### WORK ITEM
What you return should match every entry, character for character.

### DATA EXTRACTS
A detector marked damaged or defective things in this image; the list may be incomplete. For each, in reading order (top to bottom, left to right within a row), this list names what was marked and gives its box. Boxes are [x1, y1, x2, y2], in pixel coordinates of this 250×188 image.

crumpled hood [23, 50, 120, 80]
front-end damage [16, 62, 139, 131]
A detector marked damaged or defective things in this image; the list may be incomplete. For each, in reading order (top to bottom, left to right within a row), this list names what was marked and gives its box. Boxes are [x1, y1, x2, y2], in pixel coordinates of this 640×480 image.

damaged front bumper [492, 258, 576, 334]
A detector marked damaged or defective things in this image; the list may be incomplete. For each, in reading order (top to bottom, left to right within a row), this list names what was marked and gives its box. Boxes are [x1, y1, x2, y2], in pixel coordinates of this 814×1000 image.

### SOLUTION
A detector marked damaged or defective things in this image; the list may be incomplete. For each, in reading order (top to bottom, left to right within a row), this list names what was marked and gives its box. Boxes are [x1, y1, x2, y2], in pixel coordinates of this 250×188 image.

crumpled hood [23, 50, 120, 80]
front-end damage [16, 62, 139, 131]
A detector marked damaged or defective things in this image; the list may be incomplete. For each, in reading order (top to bottom, left to right within a row), this list names what was marked and gives its box. Boxes are [x1, y1, x2, y2], in pixel coordinates of this 640×480 image.

damaged front bumper [492, 258, 576, 334]
A detector marked damaged or defective things in this image; the list may be incomplete. For each, in reading order (top to bottom, left to right within a row), this list names what was marked and gives its box. Boxes are [x1, y1, x2, y2], in pixel coordinates of this 814×1000 image.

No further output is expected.